‘Music and the Internet’
A Joint Study Day of the RMA and BFE
University of Oxford
Saturday 8th December 2018
Keynote Speaker: Prof. Georgina Born
Since the turn of the millennium, music and the Internet have become increasingly entangled with one another. For many Internet users, the musical web has become an integral part of everyday life, while worldwide digitization initiatives have transformed musical production practices and modes of consumption. In their recent Music & Letters article, Georgina Born and Christopher Haworth note that the Internet ‘multiplies music’s discursive and social mediation, engendering new online entities, practices, and relations, which may themselves augment, publicize, and globalize offline forms’. Alluding to new research directions, they reason that the study of Internet-mediated music ‘necessitates interdisciplinary approaches that integrate digital methods with both ethnography and history’ (Born & Haworth 2018: 603, 647).
Responding to these developments, this BFE/RMA study day seeks to foster dialogue between musicologists and ethnomusicologists who are interested in the online mediation of music and novel methodological approaches that support its study. How is the Internet involved in the formation of musical and political subjects? What can we learn from online interactions between artists and fans, performers and audiences? Why have musical memes become a contagious aspect of popular culture in the current decade? In what ways does the Internet afford renewed interest in music making among large corporations? Who are the users that make use of the musical web, and on whose terms do they play and listen?
We invite proposals for papers of 20-minutes, which will each be followed by 10 minutes of discussion. The keynote address will be given by Professor Georgina Born and the day will conclude with a roundtable on digital research methodologies. We particularly welcome papers by graduate students and early career researchers.

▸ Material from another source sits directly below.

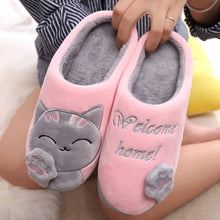 *NEW* Warm Soft Cat Slippers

Prospective paper topics may include (but are not limited to):
· The online consumption of music: YouTube, Spotify, SoundCloud, etc.
· The transformation of music economies and the emergence of the digital music commodity
· Emancipation, control, and the politics of Internet use
· The materialities and social meanings of digital music technologies
· Online communities and the construction of celebrity personae
· Internet-mediated music genres
· Interdisciplinary approaches to musical memes and user-generated content
· The use of smartphones for music creation and dissemination
· Internet piracy and reconfigurations of Intellectual Property
· Digital methodologies: using the Internet for ethnographic and musicological inquiry
Paper titles and abstracts of 250 words should be sent to musicinternetoxford@gmail.com by 9th September 2018. Notification of acceptance will be sent by 7th October 2018. For more information, please see the conference website: https://musicinternetoxford.wordpress.com.
Programme Committee: Pablo Infante-Amate (University of Oxford), Edward Spencer (University of Oxford), Georgina Born (University of Oxford), Eric Clarke (University of Oxford).